EPIC Urges NIST to Emphasize Differential Privacy in Paper on De-Identifying Government Data Sets
January 17, 2023
In comments to the National Institute of Standards and Technology, EPIC urged NIST to endorse the adoption of differential privacy in its revised paper on de-identifying government data sets. The paper will provide guidance to federal agencies on deidentification techniques, strategy, and implementation.
EPIC commended NIST on its recommendations, which include detailed guidance for federal Data Review Boards that would evaluate risk and probability of reidentification.

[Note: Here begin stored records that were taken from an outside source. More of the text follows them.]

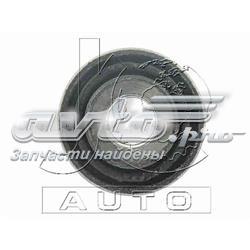 Сайлентблок передней подвески Japan Cars J47001A цена, от 8.30 USD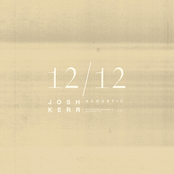 12/12 (Acoustic)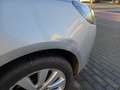 Opel Zafira C Tourer Innovation Silber - thumbnail 5
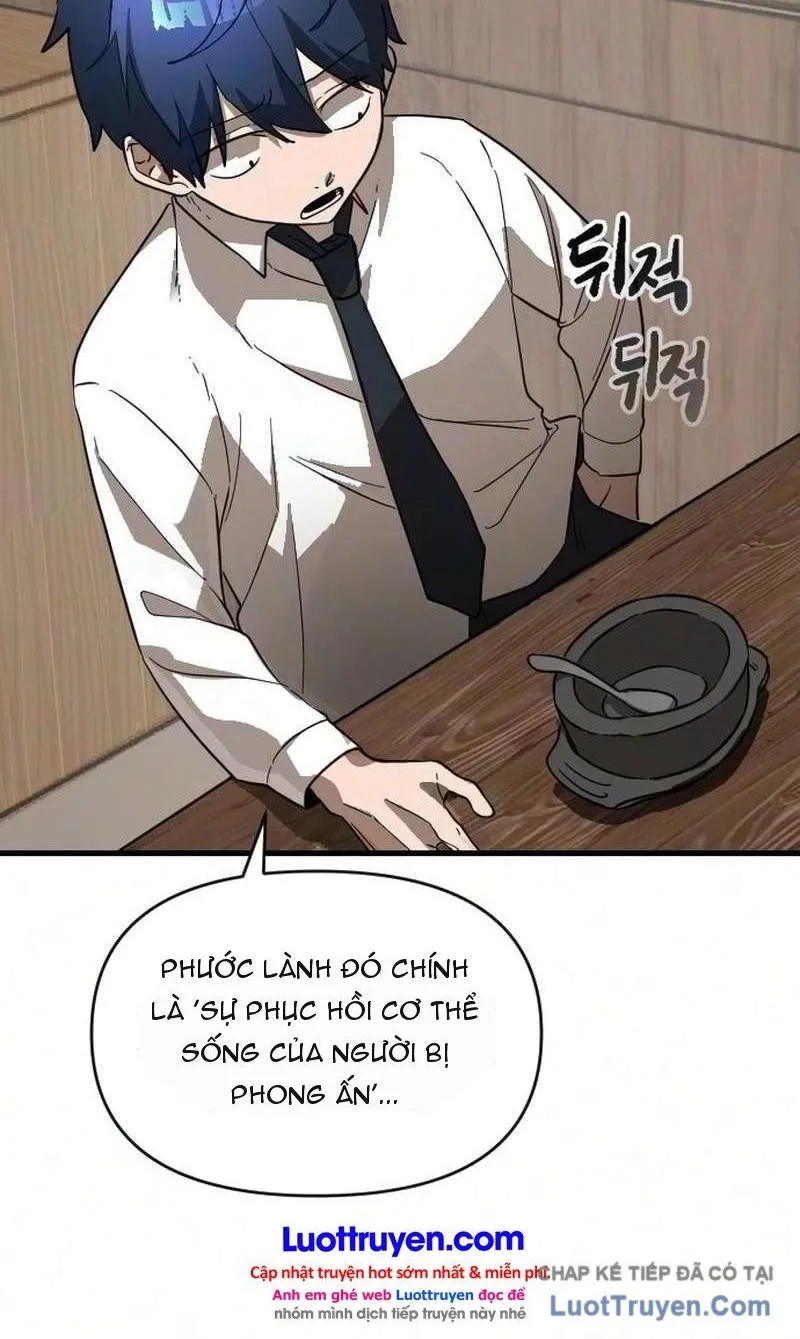 Diệt Trừ Thiên Đạo - Chap 2 - Trang 154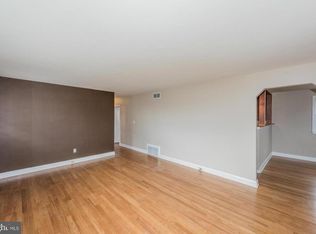 3306 Coventry Court Dr, Ellicott City, MD 21042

But EPIC urged NIST to go further by emphasizing differential privacy as a preferred privacy-enhancing technique and “identifying specific circumstances where differential privacy should be used or strongly favored.” Differential privacy, which is achieved through the controlled injection of statistical noise into a published study or analysis of a dataset, is a mathematically rigorous means of controlling privacy risk while preserving the research value of the information.

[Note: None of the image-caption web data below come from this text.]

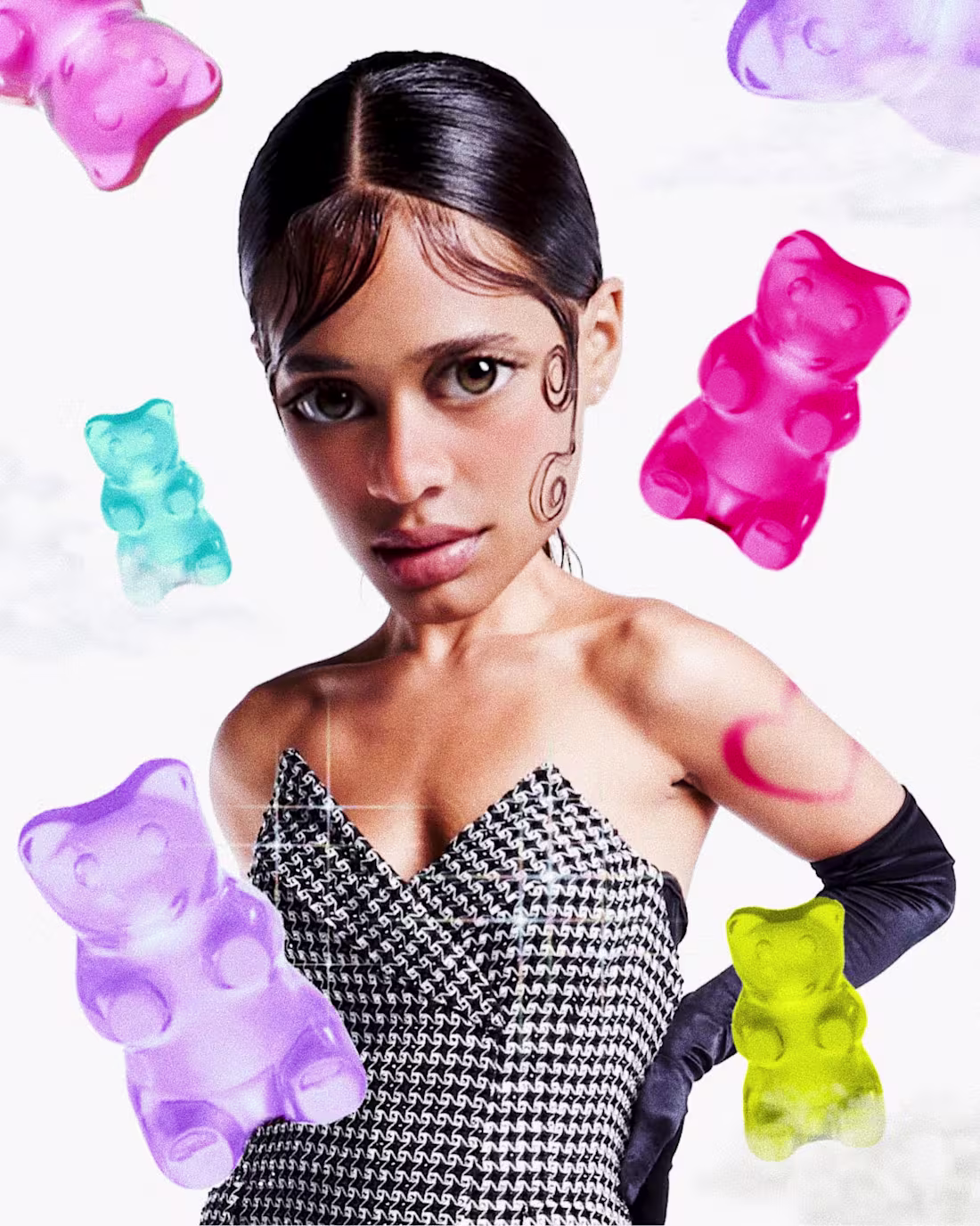 Cover image for 🖼 POST DESIGN 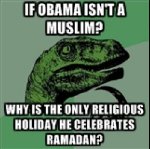 Thumb for ramadan.jpg (39 
KB)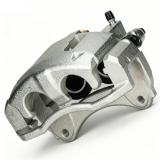 1L5Z2B120AC Brake Caliper for Ford Explore 1995-2001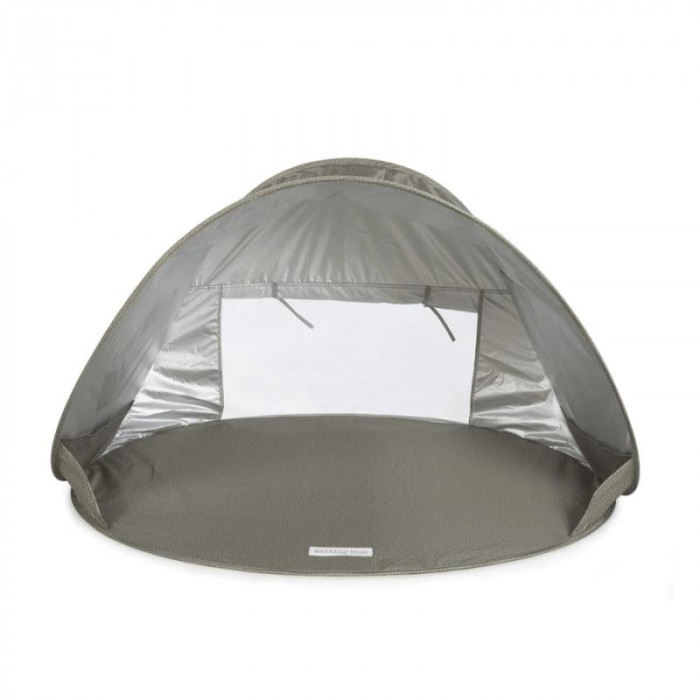 TIENDA ANTI-UV SUMMER POPPY MUSGO...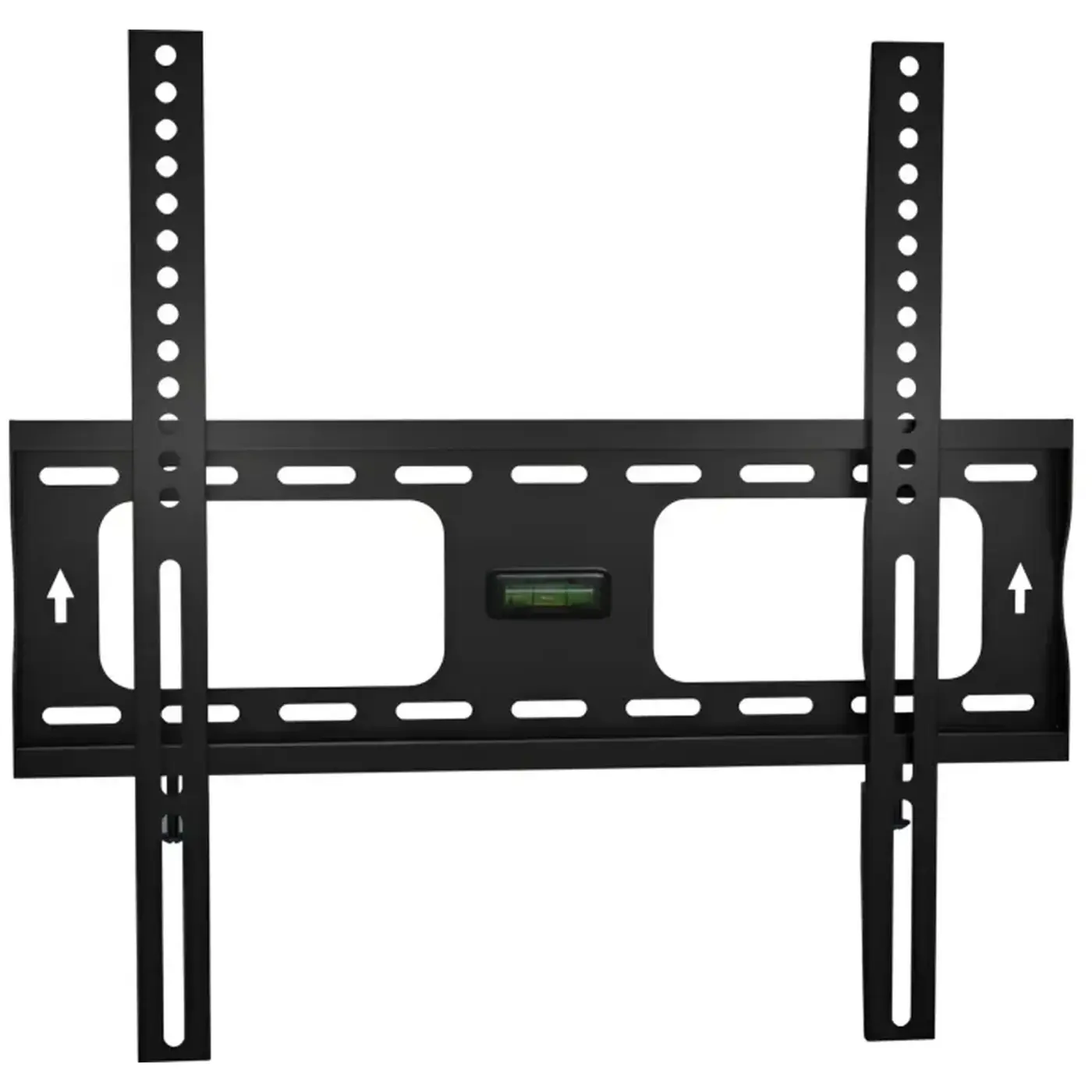 Купити Кронштейн для телевізора Walfix M-5B 26"-47" фіксований - фото 1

EPIC has long worked to secure the confidentiality of personal data held by government agencies and often has advocated for the adoption of differential privacy. In 2021, EPIC filed an amicus brief defending the Census Bureau’s use of differential privacy, calling it “the only credible technique to protect against [reidentification] attacks, including those that may be developed in the future.” EPIC noted that differential privacy “is not the enemy of statistical accuracy,” but rather “vital to securing robust public participation in Census Bureau surveys[.]”

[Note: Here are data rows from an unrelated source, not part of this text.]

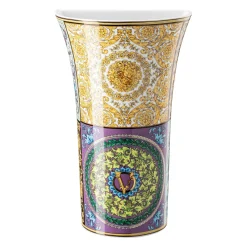 Best Versace Vase 34 cm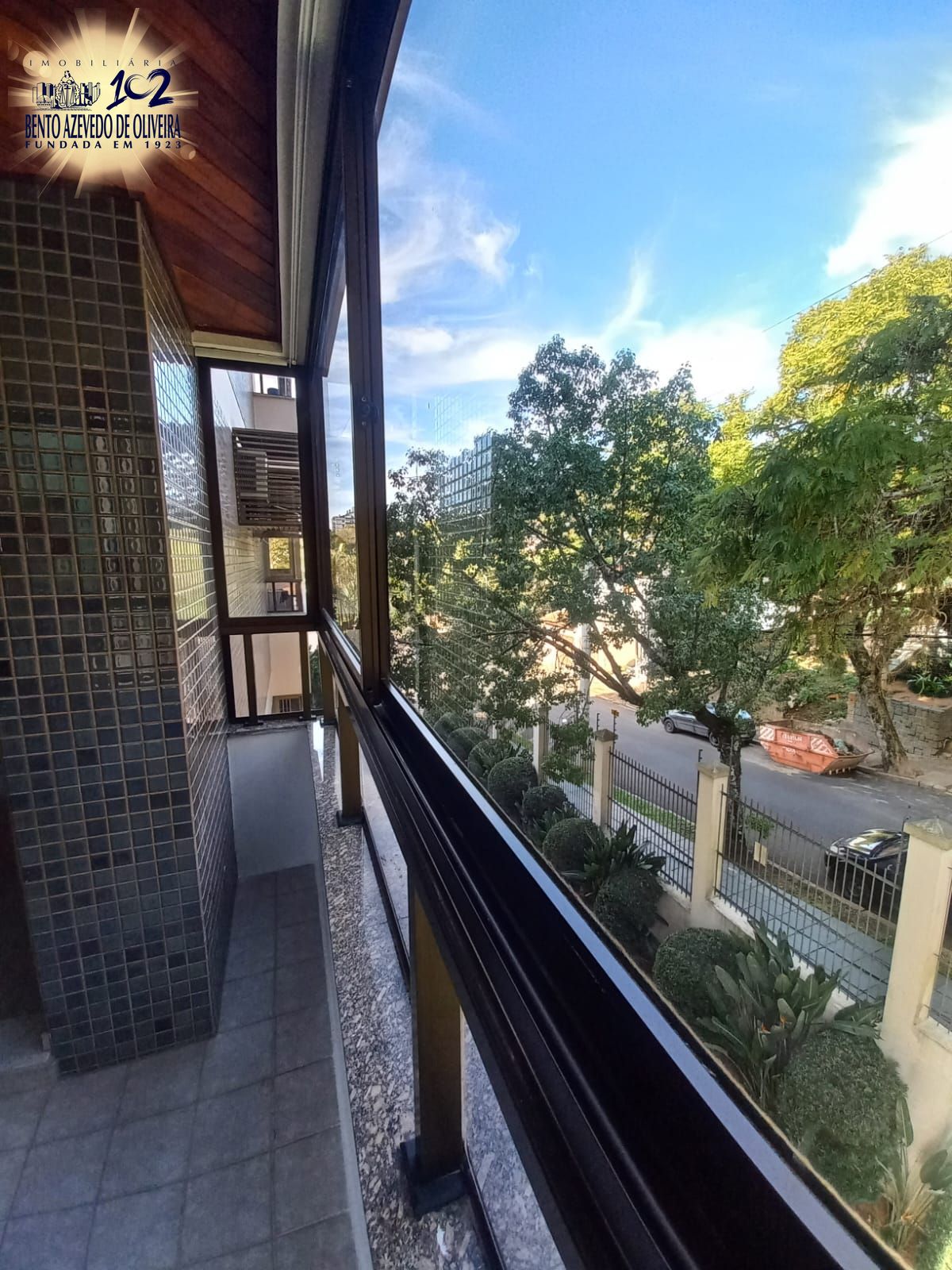 Apartamento, 2 quartos, 98 m² - Foto 4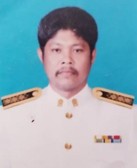 ภาพสมาชิก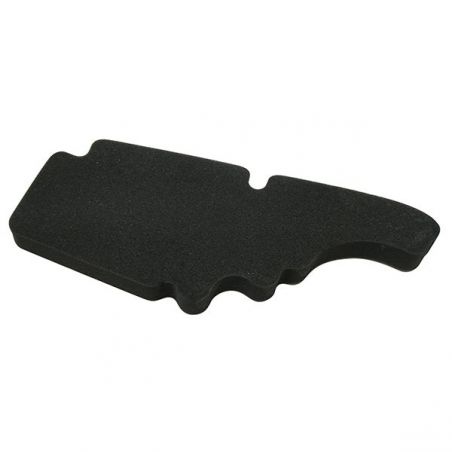 FILTRO ARIA PIAGGIO FLY 4T 2V 50 12/15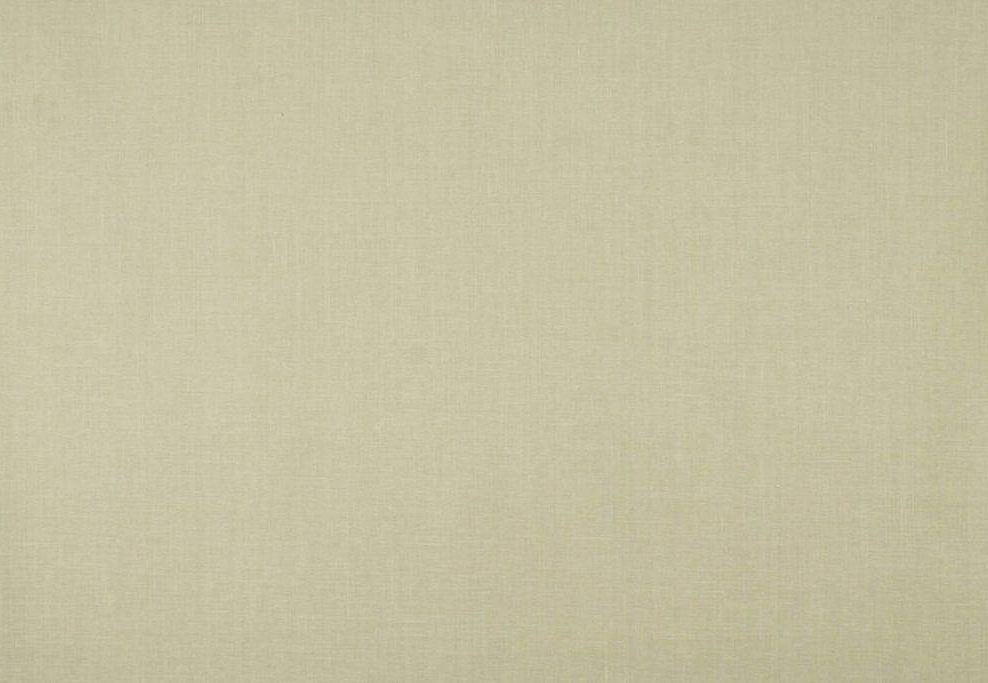 Ткань Ashley Wilde Cole II Cole/Linen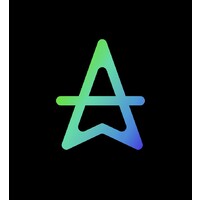 ARW agência | Marketing para Restaurantes logo - Similar company to Actmob Marketing Estratégico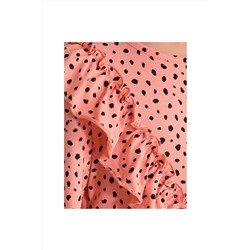 Платье YOULALA, 1067190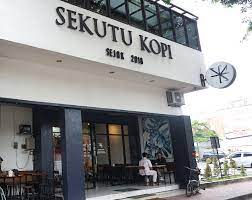 5 Rekomendasi Coffee Shop di Surakarta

In September, EPIC bestowed a Champion of Freedom Award on John Abowd, chief scientist of the U.S. Census Bureau, for “making remarkable strides for privacy and civil rights by transforming the disclosure avoidance system at the U.S. Census Bureau through the introduction of differential privacy.” And in recent comments to the White House Office of Science and Technology Policy, EPIC urged federal agencies to prioritize the adoption of differential privacy and to increase funding across the board for privacy-enhancing technologies.